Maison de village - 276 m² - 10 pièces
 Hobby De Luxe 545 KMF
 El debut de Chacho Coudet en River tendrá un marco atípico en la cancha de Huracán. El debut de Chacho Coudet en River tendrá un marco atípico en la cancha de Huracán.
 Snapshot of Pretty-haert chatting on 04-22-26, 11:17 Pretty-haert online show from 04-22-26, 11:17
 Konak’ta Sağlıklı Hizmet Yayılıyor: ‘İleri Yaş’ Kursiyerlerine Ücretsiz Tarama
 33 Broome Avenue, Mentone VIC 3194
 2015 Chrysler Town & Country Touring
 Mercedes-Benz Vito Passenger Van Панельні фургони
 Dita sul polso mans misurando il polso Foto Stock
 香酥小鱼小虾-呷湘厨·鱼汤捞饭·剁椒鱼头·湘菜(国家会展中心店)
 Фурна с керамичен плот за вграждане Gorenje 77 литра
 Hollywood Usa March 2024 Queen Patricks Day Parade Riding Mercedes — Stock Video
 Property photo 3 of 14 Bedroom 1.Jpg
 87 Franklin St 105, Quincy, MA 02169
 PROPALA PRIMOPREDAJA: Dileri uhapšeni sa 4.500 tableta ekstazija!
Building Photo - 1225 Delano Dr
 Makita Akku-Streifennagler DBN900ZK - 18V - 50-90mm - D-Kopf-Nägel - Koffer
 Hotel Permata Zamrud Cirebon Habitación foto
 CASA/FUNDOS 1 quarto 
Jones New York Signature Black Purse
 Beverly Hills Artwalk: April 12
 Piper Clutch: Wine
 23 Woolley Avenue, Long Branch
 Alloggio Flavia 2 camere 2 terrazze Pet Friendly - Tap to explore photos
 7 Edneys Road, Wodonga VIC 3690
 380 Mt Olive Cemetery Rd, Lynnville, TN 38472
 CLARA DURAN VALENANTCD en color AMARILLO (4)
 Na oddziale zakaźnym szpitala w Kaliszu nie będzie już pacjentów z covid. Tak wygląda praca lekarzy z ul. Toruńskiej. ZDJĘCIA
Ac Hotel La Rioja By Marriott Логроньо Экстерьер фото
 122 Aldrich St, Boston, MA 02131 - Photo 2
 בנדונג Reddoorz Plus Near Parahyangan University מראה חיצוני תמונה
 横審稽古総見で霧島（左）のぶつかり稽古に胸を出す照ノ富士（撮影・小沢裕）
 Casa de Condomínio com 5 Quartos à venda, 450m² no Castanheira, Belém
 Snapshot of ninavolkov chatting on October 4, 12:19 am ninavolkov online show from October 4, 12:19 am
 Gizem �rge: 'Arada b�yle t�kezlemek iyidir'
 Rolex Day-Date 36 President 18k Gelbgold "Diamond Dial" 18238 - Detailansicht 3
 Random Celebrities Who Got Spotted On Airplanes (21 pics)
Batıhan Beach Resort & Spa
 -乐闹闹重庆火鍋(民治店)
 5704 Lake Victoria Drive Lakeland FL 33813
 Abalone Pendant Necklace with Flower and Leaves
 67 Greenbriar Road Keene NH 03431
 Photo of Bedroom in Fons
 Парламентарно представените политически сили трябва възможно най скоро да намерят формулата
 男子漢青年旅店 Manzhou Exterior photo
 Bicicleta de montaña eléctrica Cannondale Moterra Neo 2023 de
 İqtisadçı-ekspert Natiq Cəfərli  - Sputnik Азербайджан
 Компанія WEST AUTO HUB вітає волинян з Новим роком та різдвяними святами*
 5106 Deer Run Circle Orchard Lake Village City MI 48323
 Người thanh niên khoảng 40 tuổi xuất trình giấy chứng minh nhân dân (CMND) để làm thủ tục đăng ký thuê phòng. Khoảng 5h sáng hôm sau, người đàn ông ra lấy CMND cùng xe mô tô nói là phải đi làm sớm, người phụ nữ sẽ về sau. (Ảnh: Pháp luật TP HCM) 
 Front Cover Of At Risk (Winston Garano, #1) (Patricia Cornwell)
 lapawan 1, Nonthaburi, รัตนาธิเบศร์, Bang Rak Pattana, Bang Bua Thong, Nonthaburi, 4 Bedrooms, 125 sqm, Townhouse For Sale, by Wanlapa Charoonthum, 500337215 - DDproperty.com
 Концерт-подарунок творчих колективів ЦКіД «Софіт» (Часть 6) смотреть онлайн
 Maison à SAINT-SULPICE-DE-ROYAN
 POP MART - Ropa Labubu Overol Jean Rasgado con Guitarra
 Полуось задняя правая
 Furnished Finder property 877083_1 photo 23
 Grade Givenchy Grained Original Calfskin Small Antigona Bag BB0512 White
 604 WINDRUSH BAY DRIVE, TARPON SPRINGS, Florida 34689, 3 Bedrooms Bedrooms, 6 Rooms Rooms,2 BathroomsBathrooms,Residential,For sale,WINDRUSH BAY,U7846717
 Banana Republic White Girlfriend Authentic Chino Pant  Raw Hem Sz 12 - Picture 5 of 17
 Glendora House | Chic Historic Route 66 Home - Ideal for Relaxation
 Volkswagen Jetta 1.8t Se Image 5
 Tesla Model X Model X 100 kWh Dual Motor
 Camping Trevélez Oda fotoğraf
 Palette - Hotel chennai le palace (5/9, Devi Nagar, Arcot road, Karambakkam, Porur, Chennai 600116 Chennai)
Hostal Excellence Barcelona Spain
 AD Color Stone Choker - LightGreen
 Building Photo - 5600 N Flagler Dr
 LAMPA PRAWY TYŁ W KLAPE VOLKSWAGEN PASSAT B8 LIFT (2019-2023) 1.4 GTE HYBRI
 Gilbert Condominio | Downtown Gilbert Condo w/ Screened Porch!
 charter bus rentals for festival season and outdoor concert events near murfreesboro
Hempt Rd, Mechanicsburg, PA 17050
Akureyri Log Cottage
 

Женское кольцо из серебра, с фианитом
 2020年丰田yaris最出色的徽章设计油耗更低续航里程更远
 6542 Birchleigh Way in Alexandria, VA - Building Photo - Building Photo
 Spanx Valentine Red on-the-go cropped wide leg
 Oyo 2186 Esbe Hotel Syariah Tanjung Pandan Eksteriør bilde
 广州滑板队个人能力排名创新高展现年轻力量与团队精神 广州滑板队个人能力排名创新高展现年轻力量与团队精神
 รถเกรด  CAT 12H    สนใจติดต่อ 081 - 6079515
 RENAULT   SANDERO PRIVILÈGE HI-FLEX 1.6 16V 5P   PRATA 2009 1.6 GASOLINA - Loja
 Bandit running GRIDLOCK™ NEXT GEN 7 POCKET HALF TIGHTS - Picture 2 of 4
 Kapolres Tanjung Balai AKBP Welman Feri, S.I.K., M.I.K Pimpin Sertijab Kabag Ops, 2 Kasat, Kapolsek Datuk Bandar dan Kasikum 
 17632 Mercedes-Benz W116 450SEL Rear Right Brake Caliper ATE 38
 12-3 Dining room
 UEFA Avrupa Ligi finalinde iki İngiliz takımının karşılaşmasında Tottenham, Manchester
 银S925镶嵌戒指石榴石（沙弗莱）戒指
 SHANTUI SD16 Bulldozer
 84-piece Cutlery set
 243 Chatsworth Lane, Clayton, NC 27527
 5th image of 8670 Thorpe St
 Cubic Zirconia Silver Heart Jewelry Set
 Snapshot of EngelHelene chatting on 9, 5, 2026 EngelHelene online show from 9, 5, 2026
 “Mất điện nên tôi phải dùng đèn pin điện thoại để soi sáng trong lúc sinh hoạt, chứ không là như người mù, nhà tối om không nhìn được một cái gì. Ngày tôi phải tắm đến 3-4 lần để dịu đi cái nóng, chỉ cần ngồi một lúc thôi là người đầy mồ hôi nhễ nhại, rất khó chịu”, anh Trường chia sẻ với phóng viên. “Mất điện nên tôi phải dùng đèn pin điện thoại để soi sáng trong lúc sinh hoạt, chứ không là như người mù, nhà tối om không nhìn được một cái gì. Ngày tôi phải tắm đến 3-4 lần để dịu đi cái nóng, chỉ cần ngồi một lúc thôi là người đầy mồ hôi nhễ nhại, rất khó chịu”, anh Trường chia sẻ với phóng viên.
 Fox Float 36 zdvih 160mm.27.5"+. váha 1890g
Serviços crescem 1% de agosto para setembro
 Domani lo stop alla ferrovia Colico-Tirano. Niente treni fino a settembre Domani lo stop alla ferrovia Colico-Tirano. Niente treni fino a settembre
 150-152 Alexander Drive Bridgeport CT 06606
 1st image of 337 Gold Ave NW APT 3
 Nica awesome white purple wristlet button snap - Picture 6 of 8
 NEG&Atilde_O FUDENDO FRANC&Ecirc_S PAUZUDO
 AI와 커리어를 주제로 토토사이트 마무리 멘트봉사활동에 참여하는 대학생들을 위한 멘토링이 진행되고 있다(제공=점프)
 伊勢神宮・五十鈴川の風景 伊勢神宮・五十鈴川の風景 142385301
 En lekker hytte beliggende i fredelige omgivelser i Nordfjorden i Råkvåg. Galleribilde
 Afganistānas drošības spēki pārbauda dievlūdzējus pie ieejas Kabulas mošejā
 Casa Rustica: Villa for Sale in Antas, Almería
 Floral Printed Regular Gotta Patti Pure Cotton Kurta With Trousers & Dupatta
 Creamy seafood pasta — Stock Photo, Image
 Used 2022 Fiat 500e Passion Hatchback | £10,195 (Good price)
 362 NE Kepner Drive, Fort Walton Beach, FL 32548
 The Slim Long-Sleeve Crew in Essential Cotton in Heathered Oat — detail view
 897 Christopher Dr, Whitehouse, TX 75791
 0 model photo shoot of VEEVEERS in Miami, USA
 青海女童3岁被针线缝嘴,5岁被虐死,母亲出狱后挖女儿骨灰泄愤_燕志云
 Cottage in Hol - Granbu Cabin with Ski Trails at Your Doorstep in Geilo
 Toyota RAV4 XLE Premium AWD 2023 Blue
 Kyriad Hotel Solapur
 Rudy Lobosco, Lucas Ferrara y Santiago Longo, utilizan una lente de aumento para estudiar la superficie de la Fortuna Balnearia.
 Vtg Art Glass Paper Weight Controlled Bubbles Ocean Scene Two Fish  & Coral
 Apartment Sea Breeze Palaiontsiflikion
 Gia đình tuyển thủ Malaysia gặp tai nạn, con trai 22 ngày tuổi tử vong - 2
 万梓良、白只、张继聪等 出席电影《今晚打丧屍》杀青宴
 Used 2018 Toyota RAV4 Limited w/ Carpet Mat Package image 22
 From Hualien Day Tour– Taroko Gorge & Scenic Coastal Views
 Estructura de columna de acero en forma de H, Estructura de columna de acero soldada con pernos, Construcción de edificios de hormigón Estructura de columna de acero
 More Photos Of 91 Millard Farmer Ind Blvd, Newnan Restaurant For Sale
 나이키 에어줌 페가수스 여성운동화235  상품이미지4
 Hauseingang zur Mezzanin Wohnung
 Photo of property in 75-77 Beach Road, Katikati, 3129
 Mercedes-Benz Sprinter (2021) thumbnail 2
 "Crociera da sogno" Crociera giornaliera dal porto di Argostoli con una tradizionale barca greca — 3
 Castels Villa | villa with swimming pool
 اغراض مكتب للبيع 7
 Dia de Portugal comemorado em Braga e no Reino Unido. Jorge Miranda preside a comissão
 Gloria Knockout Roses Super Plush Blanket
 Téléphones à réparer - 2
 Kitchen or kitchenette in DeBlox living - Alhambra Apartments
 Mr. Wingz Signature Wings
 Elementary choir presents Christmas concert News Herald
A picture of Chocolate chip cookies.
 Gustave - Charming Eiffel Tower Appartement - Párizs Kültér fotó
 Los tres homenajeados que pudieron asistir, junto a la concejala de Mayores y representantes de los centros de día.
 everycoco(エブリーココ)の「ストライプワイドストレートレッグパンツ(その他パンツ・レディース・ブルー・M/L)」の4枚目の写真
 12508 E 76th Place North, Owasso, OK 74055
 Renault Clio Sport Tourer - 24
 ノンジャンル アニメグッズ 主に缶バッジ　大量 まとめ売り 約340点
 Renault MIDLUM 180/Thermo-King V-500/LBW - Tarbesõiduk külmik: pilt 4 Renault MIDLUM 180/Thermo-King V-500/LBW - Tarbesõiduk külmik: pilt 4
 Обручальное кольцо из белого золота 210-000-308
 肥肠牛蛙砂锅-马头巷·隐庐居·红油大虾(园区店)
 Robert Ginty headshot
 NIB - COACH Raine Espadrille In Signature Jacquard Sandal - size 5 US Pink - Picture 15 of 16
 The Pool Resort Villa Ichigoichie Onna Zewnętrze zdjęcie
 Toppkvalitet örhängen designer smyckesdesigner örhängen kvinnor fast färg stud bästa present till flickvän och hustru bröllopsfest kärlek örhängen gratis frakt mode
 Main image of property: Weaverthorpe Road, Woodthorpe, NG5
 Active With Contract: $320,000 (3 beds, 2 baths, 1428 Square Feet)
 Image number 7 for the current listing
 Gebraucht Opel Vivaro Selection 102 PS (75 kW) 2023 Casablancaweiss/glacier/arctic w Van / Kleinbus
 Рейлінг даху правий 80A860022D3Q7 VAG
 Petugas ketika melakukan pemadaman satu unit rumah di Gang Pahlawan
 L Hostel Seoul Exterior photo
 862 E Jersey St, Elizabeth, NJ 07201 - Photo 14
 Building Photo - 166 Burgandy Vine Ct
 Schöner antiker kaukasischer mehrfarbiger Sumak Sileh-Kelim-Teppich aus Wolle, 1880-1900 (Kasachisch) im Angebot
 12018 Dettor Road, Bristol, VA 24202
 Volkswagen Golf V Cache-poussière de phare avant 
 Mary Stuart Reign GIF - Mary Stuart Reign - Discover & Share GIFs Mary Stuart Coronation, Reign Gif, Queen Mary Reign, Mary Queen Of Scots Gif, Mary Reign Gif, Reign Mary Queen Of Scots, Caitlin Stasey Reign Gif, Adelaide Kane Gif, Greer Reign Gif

########

◆ Work instruction ◆
The answer is the run of lines above from the line containing "Grade Givenchy Grained" through the line containing "Kapolres Tanjung Balai", copied exactly and alone.

◆ Result below ◆
 Grade Givenchy Grained Original Calfskin Small Antigona Bag BB0512 White
 604 WINDRUSH BAY DRIVE, TARPON SPRINGS, Florida 34689, 3 Bedrooms Bedrooms, 6 Rooms Rooms,2 BathroomsBathrooms,Residential,For sale,WINDRUSH BAY,U7846717
 Banana Republic White Girlfriend Authentic Chino Pant  Raw Hem Sz 12 - Picture 5 of 17
 Glendora House | Chic Historic Route 66 Home - Ideal for Relaxation
 Volkswagen Jetta 1.8t Se Image 5
 Tesla Model X Model X 100 kWh Dual Motor
 Camping Trevélez Oda fotoğraf
 Palette - Hotel chennai le palace (5/9, Devi Nagar, Arcot road, Karambakkam, Porur, Chennai 600116 Chennai)
Hostal Excellence Barcelona Spain
 AD Color Stone Choker - LightGreen
 Building Photo - 5600 N Flagler Dr
 LAMPA PRAWY TYŁ W KLAPE VOLKSWAGEN PASSAT B8 LIFT (2019-2023) 1.4 GTE HYBRI
 Gilbert Condominio | Downtown Gilbert Condo w/ Screened Porch!
 charter bus rentals for festival season and outdoor concert events near murfreesboro
Hempt Rd, Mechanicsburg, PA 17050
Akureyri Log Cottage
 

Женское кольцо из серебра, с фианитом
 2020年丰田yaris最出色的徽章设计油耗更低续航里程更远
 6542 Birchleigh Way in Alexandria, VA - Building Photo - Building Photo
 Spanx Valentine Red on-the-go cropped wide leg
 Oyo 2186 Esbe Hotel Syariah Tanjung Pandan Eksteriør bilde
 广州滑板队个人能力排名创新高展现年轻力量与团队精神 广州滑板队个人能力排名创新高展现年轻力量与团队精神
 รถเกรด  CAT 12H    สนใจติดต่อ 081 - 6079515
 RENAULT   SANDERO PRIVILÈGE HI-FLEX 1.6 16V 5P   PRATA 2009 1.6 GASOLINA - Loja
 Bandit running GRIDLOCK™ NEXT GEN 7 POCKET HALF TIGHTS - Picture 2 of 4
 Kapolres Tanjung Balai AKBP Welman Feri, S.I.K., M.I.K Pimpin Sertijab Kabag Ops, 2 Kasat, Kapolsek Datuk Bandar dan Kasikum 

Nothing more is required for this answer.